### SUPPLIED MATERIAL
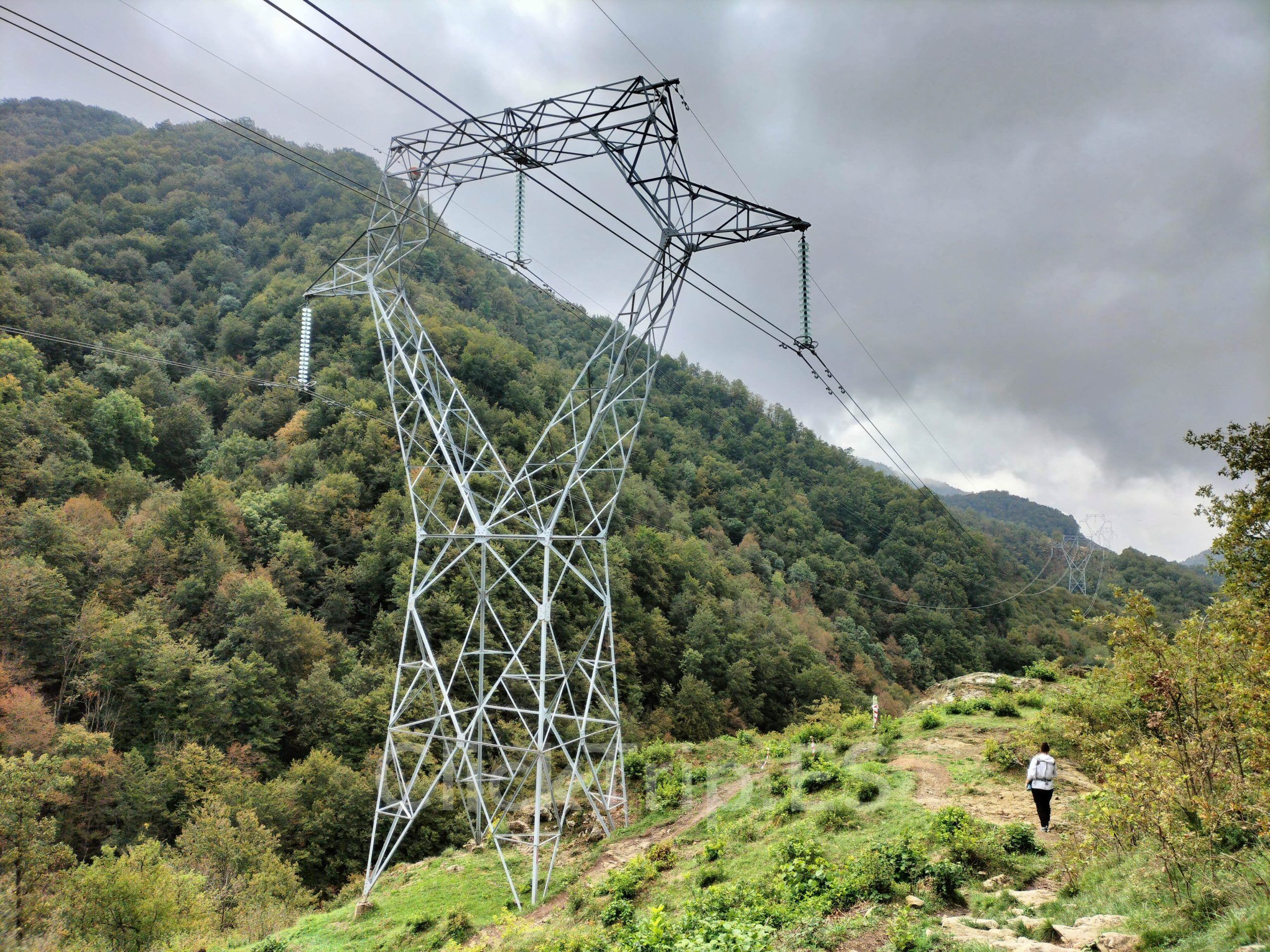 Super poste de alta tensión que encontramos en la ruta hacía el Salt del Molí de Vidrà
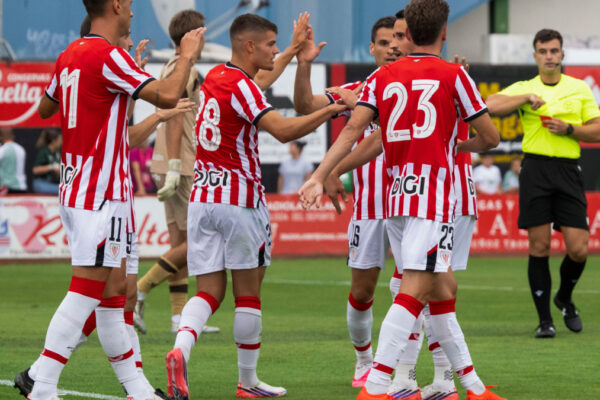 Athletic Club se impone con contundencia ante Racing en un partido decisivo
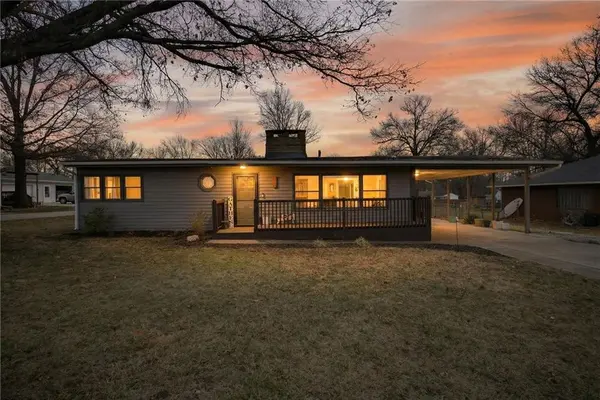 6 Sunset LN, Paola, KS 66071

### TRY IT
Reproduce the listing exactly, minus its pictures.

### ANSWER BOX
 Super poste de alta tensión que encontramos en la ruta hacía el Salt del Molí de Vidrà
 Athletic Club se impone con contundencia ante Racing en un partido decisivo
 6 Sunset LN, Paola, KS 66071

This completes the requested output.